Material for this task
= = = = =
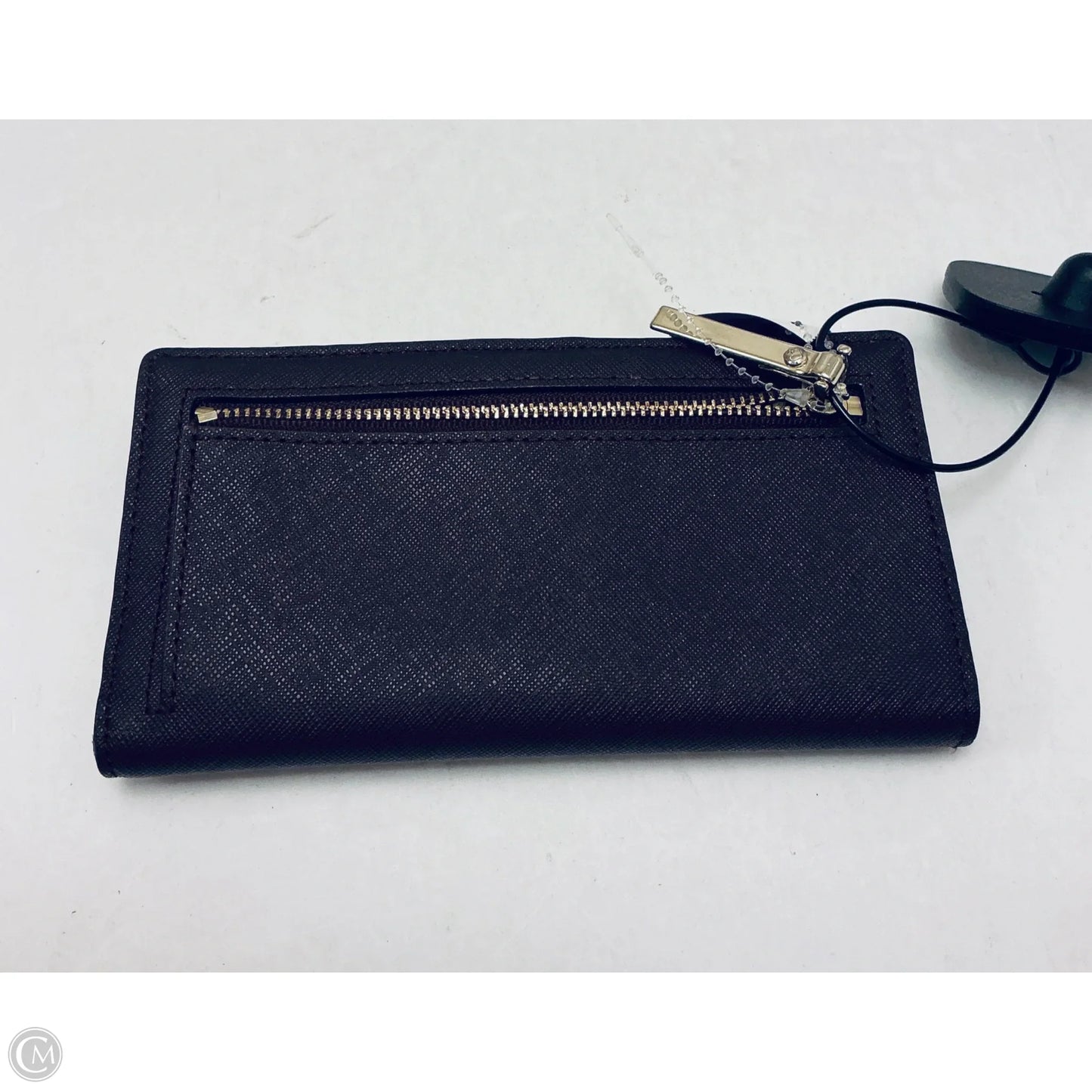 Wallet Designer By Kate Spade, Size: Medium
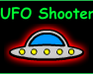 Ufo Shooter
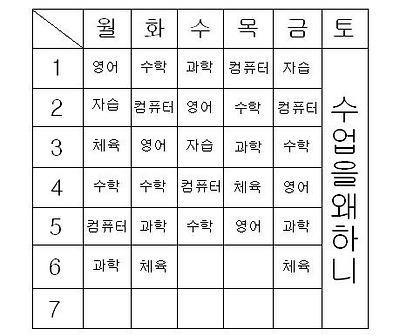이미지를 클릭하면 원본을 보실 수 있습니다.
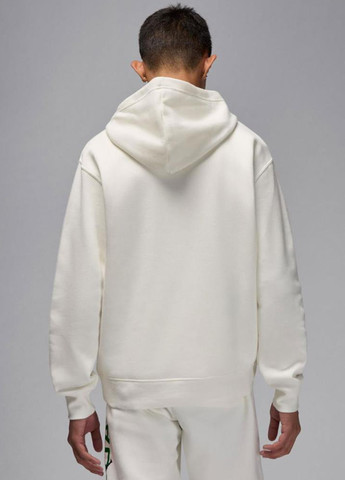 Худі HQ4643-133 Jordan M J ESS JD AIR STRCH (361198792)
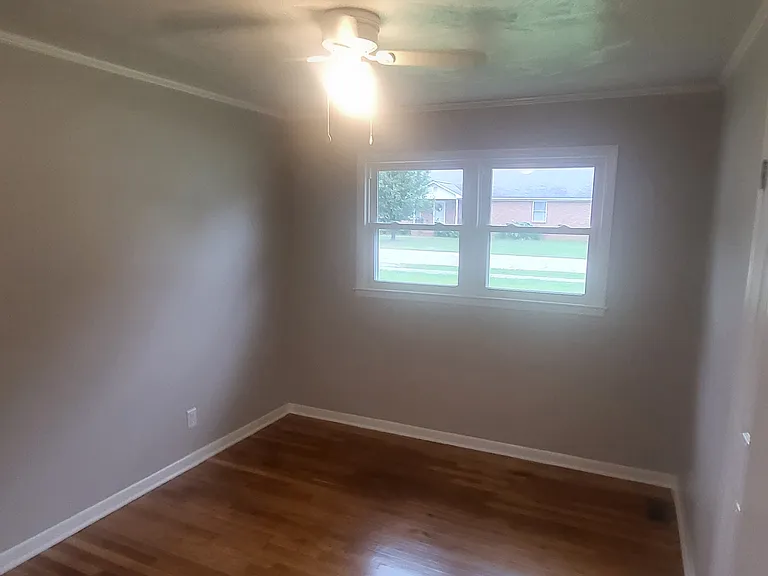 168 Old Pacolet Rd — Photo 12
= = = = =
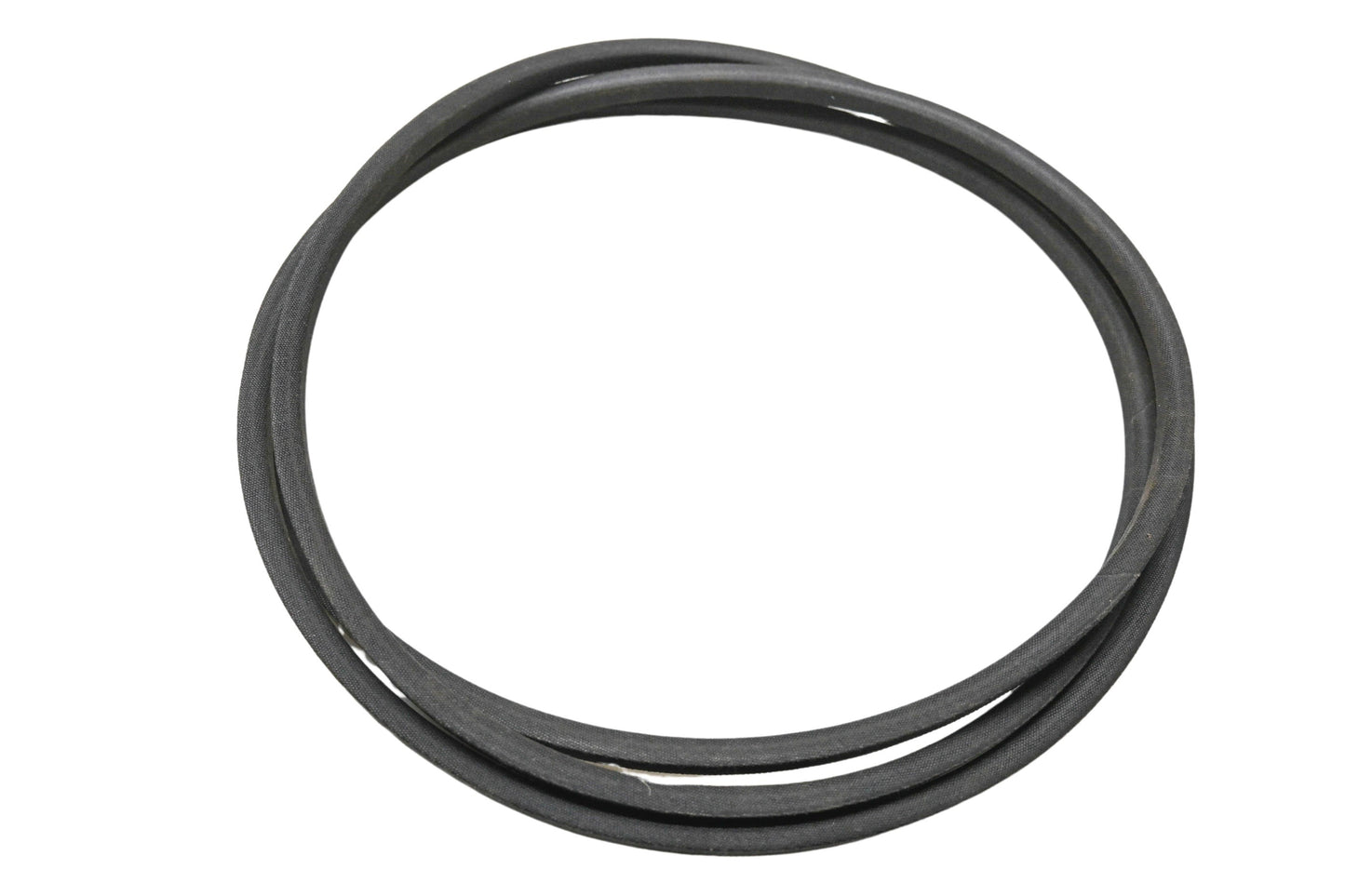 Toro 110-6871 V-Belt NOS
= = = = =
Description of the task
What you need to produce is an exact copy of the entries above, limited to the lines from the one with "Ufo Shooter" up to and including the one with "168 Old Pacolet Rd — Photo 12", without pictures.

Solution to the problem
 Ufo Shooter
이미지를 클릭하면 원본을 보실 수 있습니다.
 Худі HQ4643-133 Jordan M J ESS JD AIR STRCH (361198792)
 168 Old Pacolet Rd — Photo 12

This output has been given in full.